- **Task description**:
Write out every record below exactly, leaving the pictures out.

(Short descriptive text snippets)
++++++++

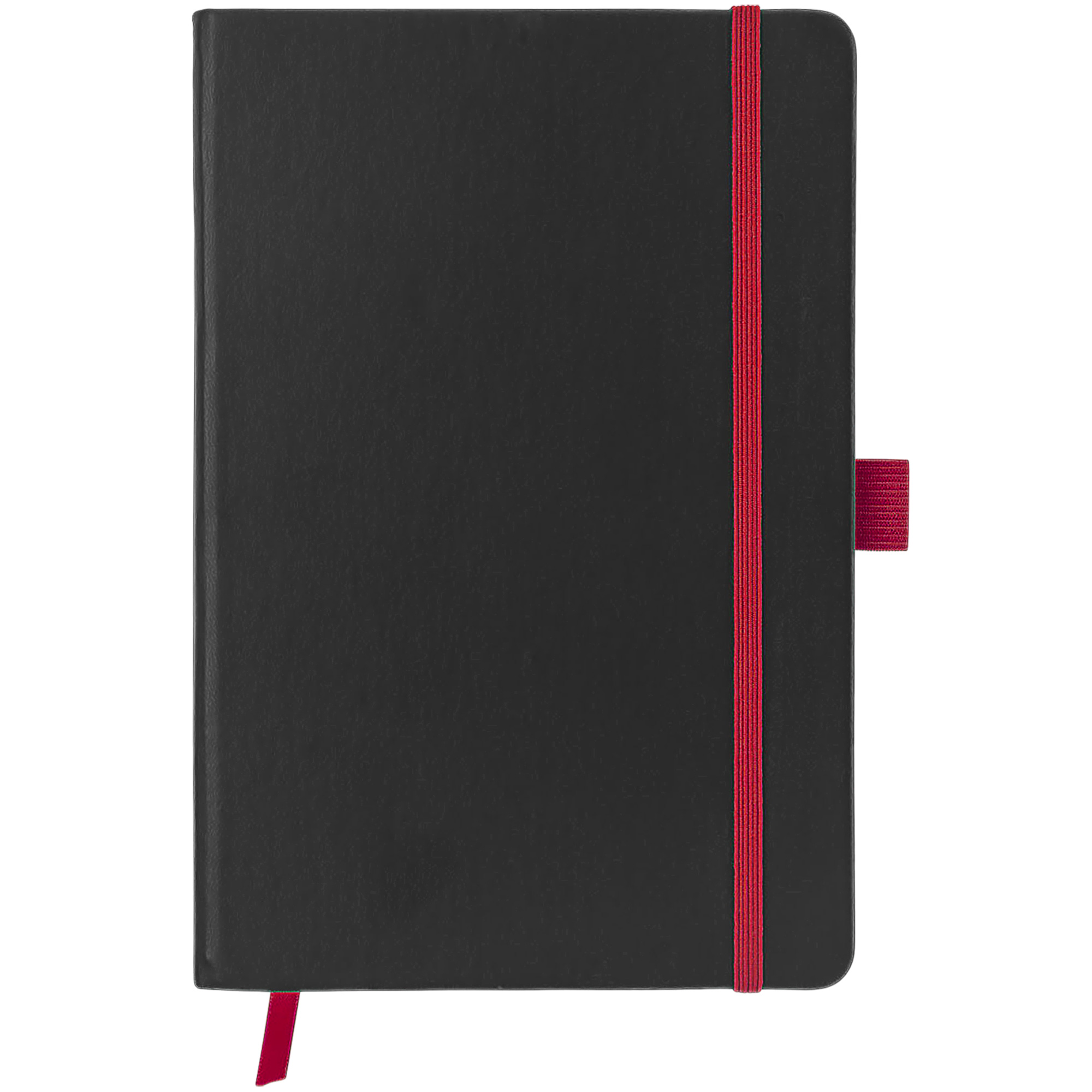 Блокнот ColorNote Black, твердая обложка A5, 80 листов, черный с красным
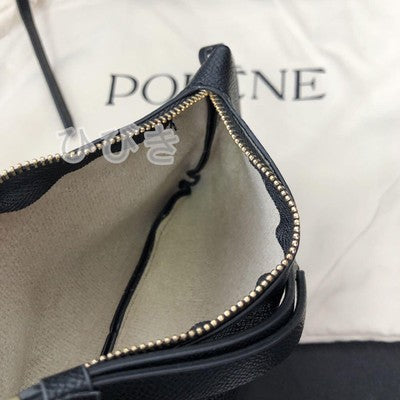 POLENE Black Shoulder Bag Large Women's Large Capacity Bag Black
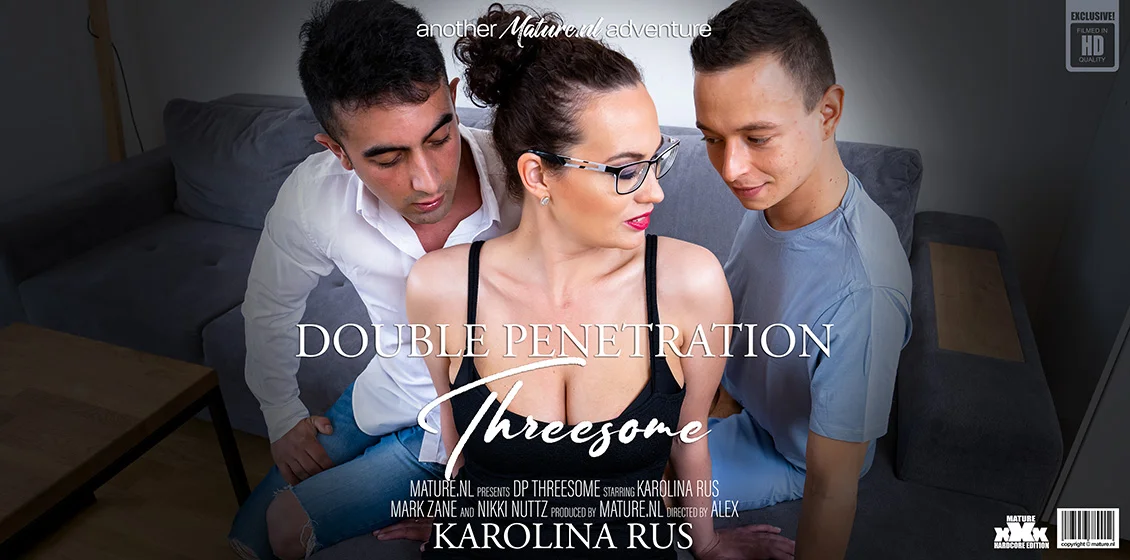 MatureNL &#8211; Karolina Rus &#8211; Double Penetration Threesome, PervTube.net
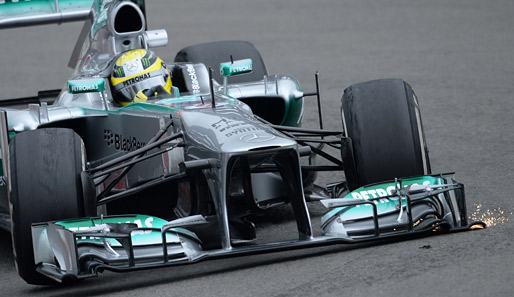 Nico Rosberg hatte wegen niedriger Temperaturen Probleme mit Graining an seinen Pirelli-Reifen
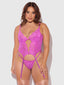 REANNA LACE & CHAIN BUSTIER & G-STRING SET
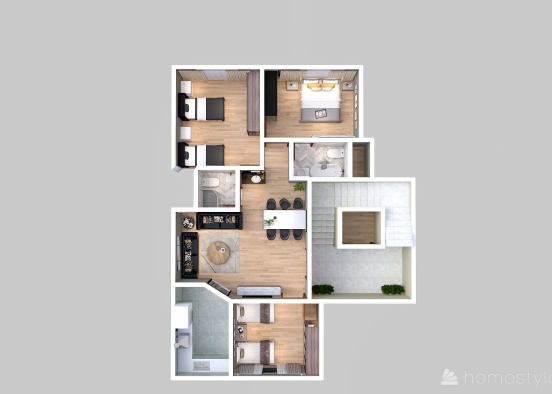 شقة 2 ارضية حلفايا - Design Rendering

++++++++

- **Expected output**:
 Блокнот ColorNote Black, твердая обложка A5, 80 листов, черный с красным
 POLENE Black Shoulder Bag Large Women's Large Capacity Bag Black
 MatureNL &#8211; Karolina Rus &#8211; Double Penetration Threesome, PervTube.net
 Nico Rosberg hatte wegen niedriger Temperaturen Probleme mit Graining an seinen Pirelli-Reifen
 REANNA LACE & CHAIN BUSTIER & G-STRING SET
 شقة 2 ارضية حلفايا - Design Rendering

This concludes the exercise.